Prof Suprapto : Perubahan Iklim Tingkatkan Risiko Kebakaran
Perubahan iklim berimbas pada peningkatan suhu udara, kekeringan berkepanjangan, dan gelombang panas.
JAKARTA, Improvement – Tahun 2025 yang baru memasuki hari ke-40 dari 365 hari, diwarnai dengan maraknya kasus kebakaran. Tidak saja di Indonesia, tetapi terjadi di berbagai negara.
Di dalam negeri, misalnya, kebakaran hebat melanda Glodok Plaza yang menewaskan 14 orang.
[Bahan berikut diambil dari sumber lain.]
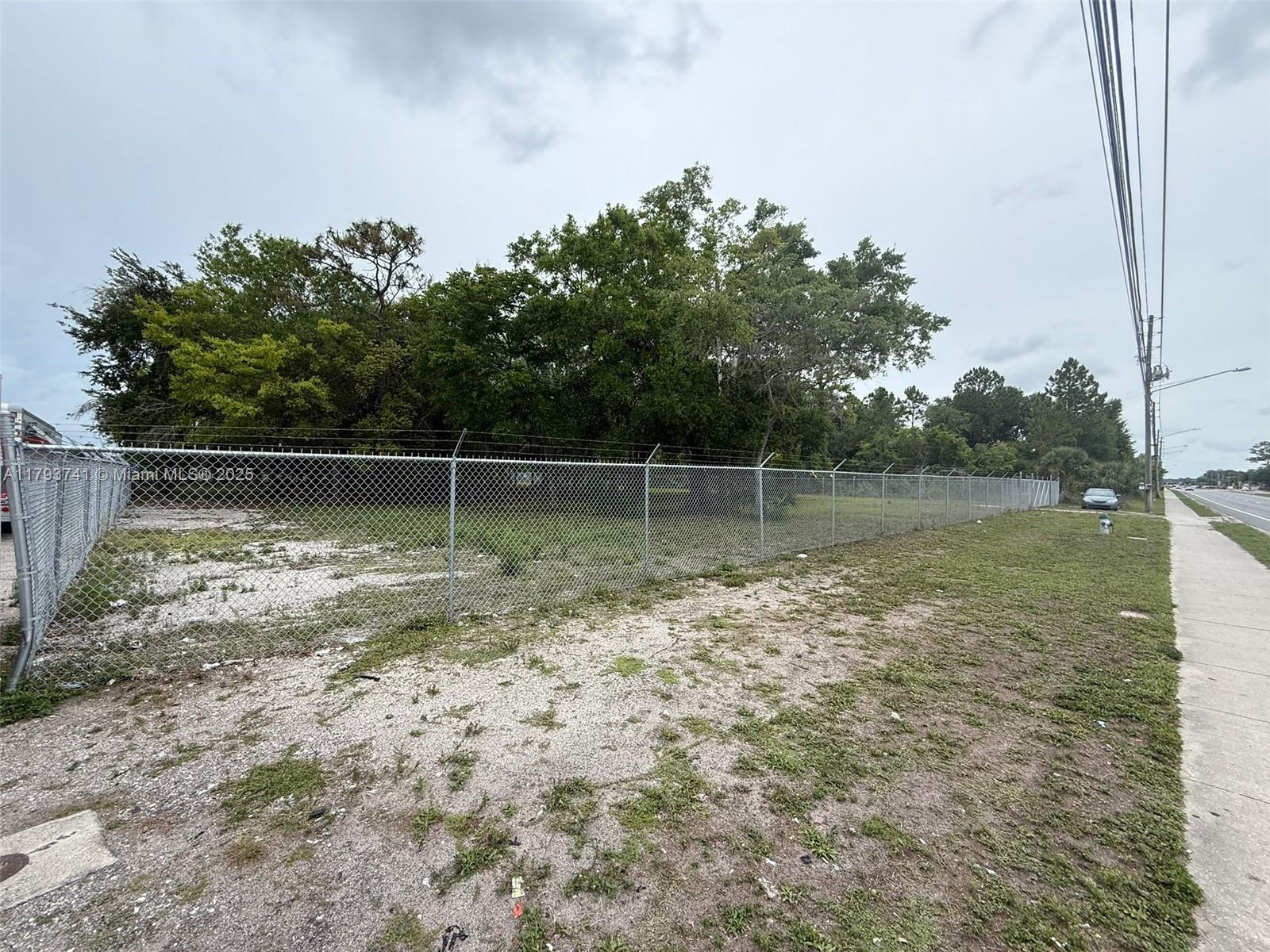 3842 S S Goldenrod Rd Property Photo 6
Disusul kebakaran di pemukiman padat Kemayoran Jakarta yang meluluh-lantakan ratusan rumah.
Selanjutnya kebakaran kantin yang nyaris menghanguskan Museum Satria Mandala. Teranyar, Gedung Kementerian ATR/BPN dan terbakarnya sebuah kapal di Dermaga Ancol yang menyebabkan enam orang luka.
Di luar negeri, Si Jago Merah mengamuk hebat di Los Angeles, Amerika Serikat. Membakar hutan seluas 8.000 hektar, menghanguskan sekitar 5.300 bangunan, dan menewaskan setidaknya 18 orang.

Menanggapi hal ini, pakar keselamatan kebakaran dari ITB Prof Dr Ir Suprapto mengatakan bahwa perubahan iklim menjadi hal yang patut diwaspadai.
Gelombang Panas
“Dari beberapa penelitian, perubahan iklim meningkatkan jumlah dan intensitas cuaca ekstrim. Naiknya suhu udara, kekeringan yang berlangsung relatif lama dan gelombang panas, menciptakan kondisi ideal bagi sumber atau titik api,” kata Prof Suprapto saat dihubungi Improvement, Minggu (9/9/2025) pagi.
Titik api bisa cepat tersulut dan menyebar cepat karena faktor angin. Kondisi ini tidak hanya memicu terjadinya kebakaran hutan seperti di Amerika baru-baru ini dengan kecepatan angin hingga 130 – 160 km/jam.
“Tetapi juga meningkatkan risiko tinggi terjadinya kebakaran di wilayah/daerah perkotaan yang dipadati dengan bangunan dan permukiman beserta infrastruktur pendukungnya,” katanya.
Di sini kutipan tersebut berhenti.